* Material for the task *
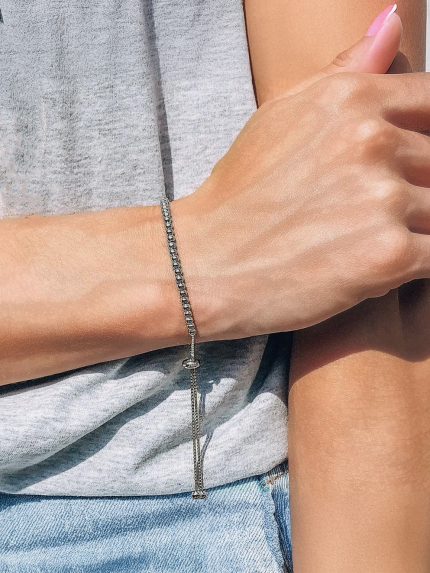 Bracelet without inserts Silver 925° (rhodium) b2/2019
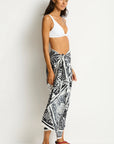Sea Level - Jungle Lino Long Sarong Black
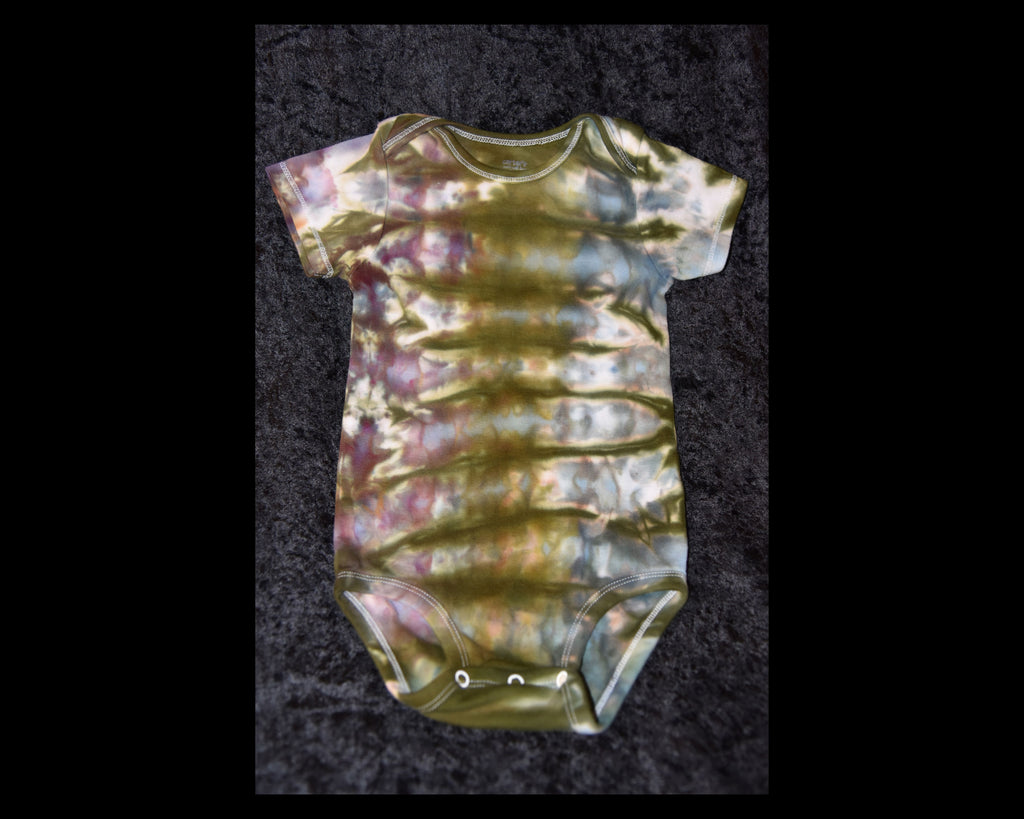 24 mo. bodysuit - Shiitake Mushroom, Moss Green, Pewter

...

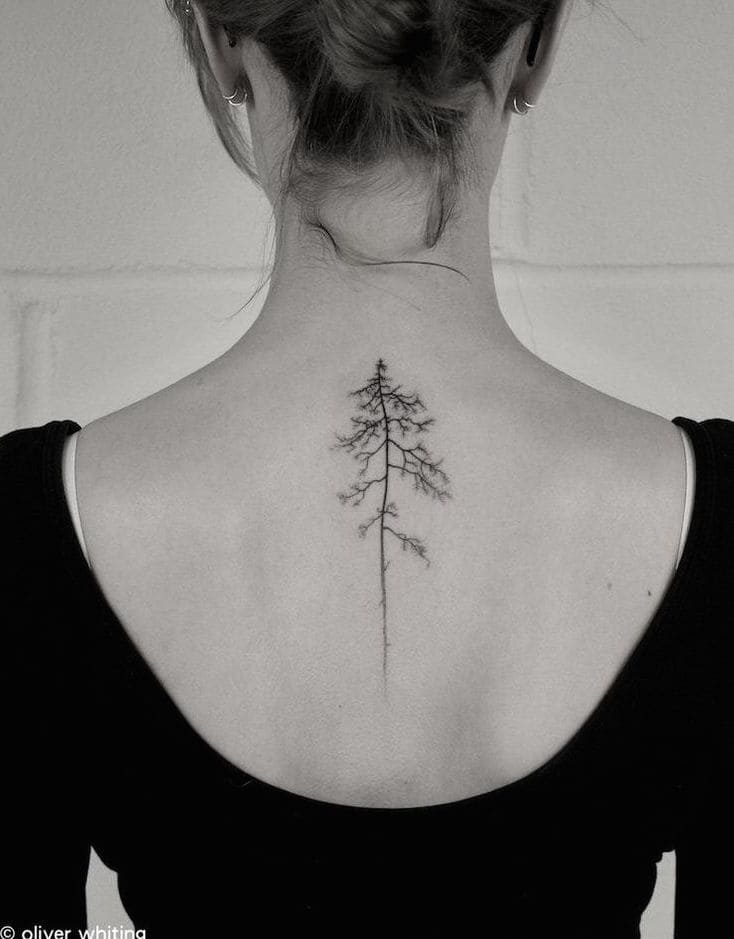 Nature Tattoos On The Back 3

...

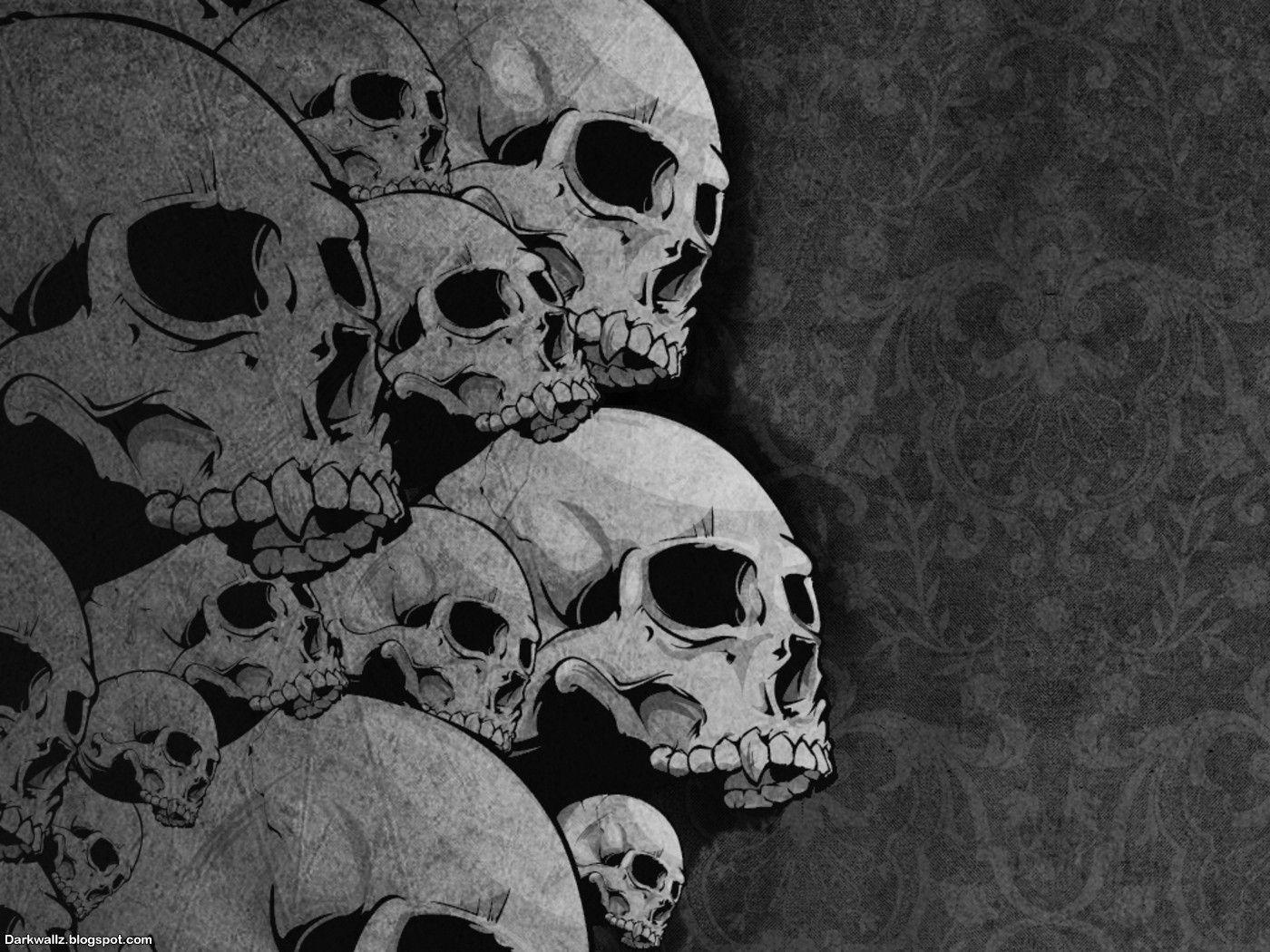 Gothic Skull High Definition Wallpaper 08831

* To do *
In the listing above, find the line containing "Bracelet without inserts" and the line containing "24 mo. bodysuit", then output those two lines and everything between them exactly as written, without the images.

* Answer box *
 Bracelet without inserts Silver 925° (rhodium) b2/2019
Sea Level - Jungle Lino Long Sarong Black
 24 mo. bodysuit - Shiitake Mushroom, Moss Green, Pewter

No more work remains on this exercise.